Referendum su cittadinanza e lavoro: il governo spinge per l’astensione, parte la sfida politica di giugno
Ma a poco più di un mese dal voto, la posta in gioco si è spostata dal merito dei quesiti alla legittimità stessa della partecipazione. I partiti al governo – Lega, Forza Italia e Fratelli d’Italia – hanno scelto di non fare campagna per il No, ma di invitare apertamente all’astensione, con l’obiettivo dichiarato di non raggiungere il quorum. È una mossa che riapre il dibattito su uno degli strumenti più delicati della democrazia diretta.
Le ragioni del Sì: una riforma simbolica e sociale
Chi sostiene il Sì – in particolare il Partito Democratico, il Movimento 5 Stelle, Alleanza Verdi e Sinistra – lo fa in nome di un’Italia più inclusiva. Sul fronte della cittadinanza, si punta a riconoscere i diritti civili a chi è cresciuto nel Paese, pur non avendone formalmente la nazionalità. “Chi nasce e studia in Italia deve avere gli stessi diritti dei suoi coetanei”, è lo slogan della campagna, che parla soprattutto alle nuove generazioni. Sul tema del lavoro, il referendum mira a ridurre la precarietà e a limitare l’abuso di contratti a termine, restituendo tutele a lavoratori spesso compressi in un limbo di incertezza.
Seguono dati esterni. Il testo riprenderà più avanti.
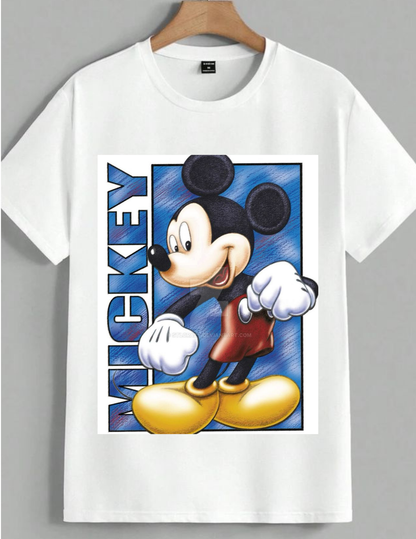 Kids Personalized T-Shirt – Custom Name & Photo Printed Cotton Tee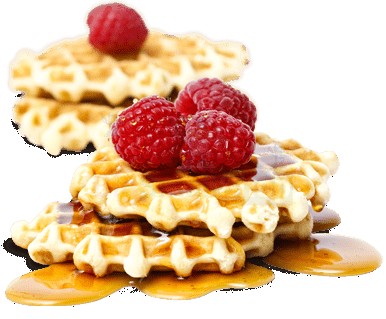 Вафли GoldenWaffle с ягодной начинкой 75г - купить в Сухой Видзя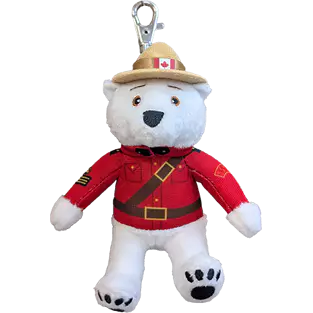 Zipper Pull - RCMP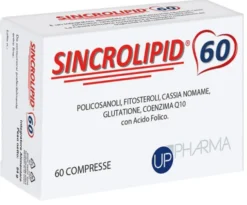 Integratore Sincrolipid per colesterolo e trigliceridi, 60cpr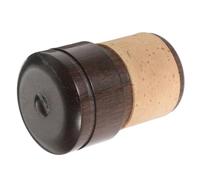 TOGEVAL Professional Ebony Saxophone Plug Stopper for E-flat Alto Sax, Protective Sax Accessory for Instrument Stability and Maintenance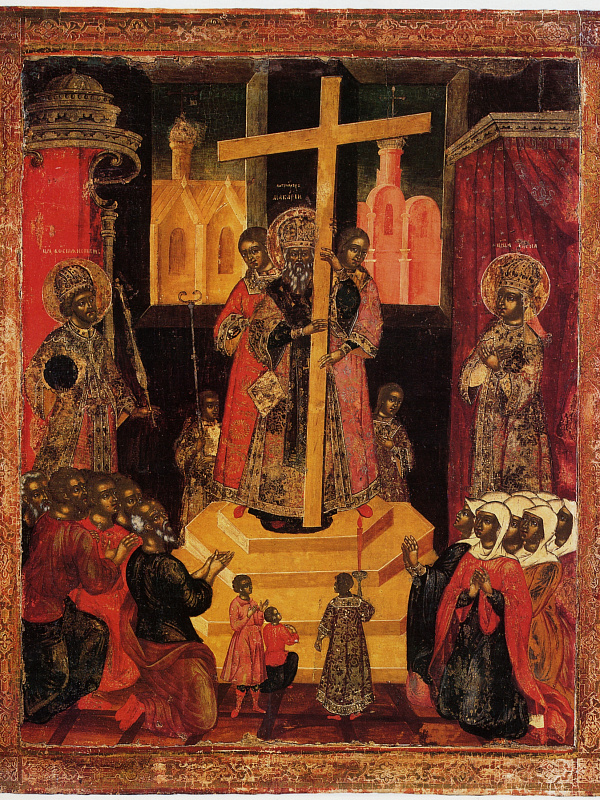 Воздвижение Креста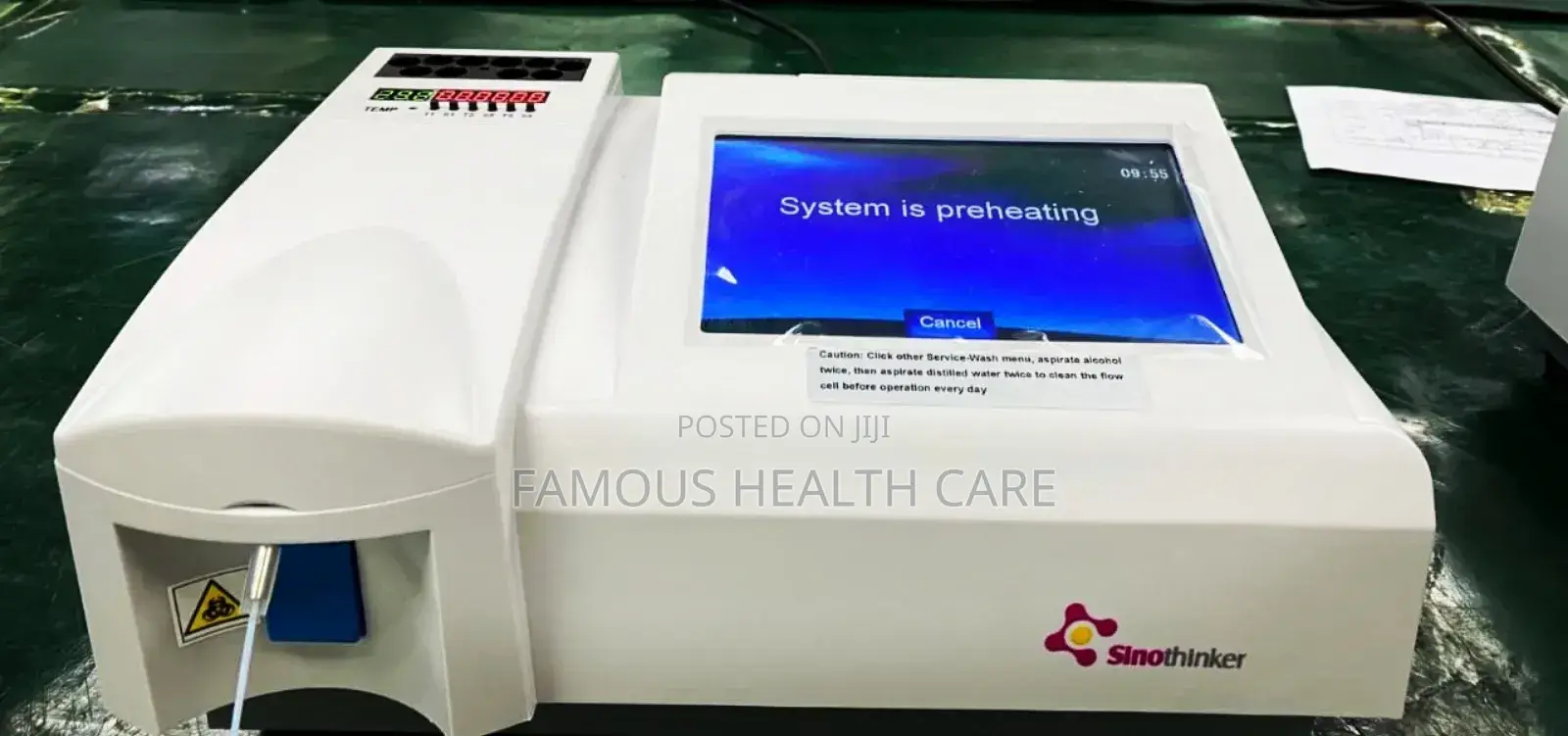 Chemistry Analyzer 
(Sinothiker Products)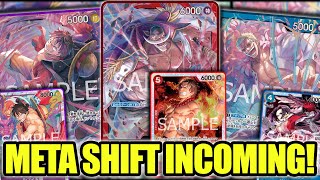 These New Cards Are SHIFTING the OP08 Meta  OPTCG Discussion [upl. by Pinkerton]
Le ragioni del No (tattico): evitare il quorum per bloccare le riforme
Ma il fronte opposto ha scelto una strategia diversa: non confrontarsi nel merito, ma colpire alla radice lo strumento referendario. Lega, Forza Italia e Fratelli d’Italia hanno iniziato a promuovere l’astensione come atto politico. “Non andate a votare, lasciate che siano il Parlamento e il governo a decidere”, è la linea adottata. In gioco, però, non c’è solo una scelta tecnica. Si riapre il nodo – antico e irrisolto – del rapporto tra rappresentanza e partecipazione, tra democrazia parlamentare e popolare. L’astensione come tattica elettorale rischia di svuotare il referendum del suo valore costituzionale.
Un voto che può ridisegnare l’agenda pubblica, anche senza quorum
La consultazione dell’8 e 9 giugno, anche nel caso in cui non raggiungesse il quorum, rappresenterà comunque un test simbolico importante. La mobilitazione delle piazze, il tono del dibattito pubblico, la partecipazione giovanile, saranno elementi osservati con attenzione dai partiti e dai media. Il rischio, dicono alcuni analisti, è che il disinteresse venga scambiato per consenso, e che una parte del Paese resti priva di voce. Il referendum, nel bene o nel male, torna a essere terreno di battaglia politica. E a decidere, alla fine, sarà anche chi sceglierà di non decidere.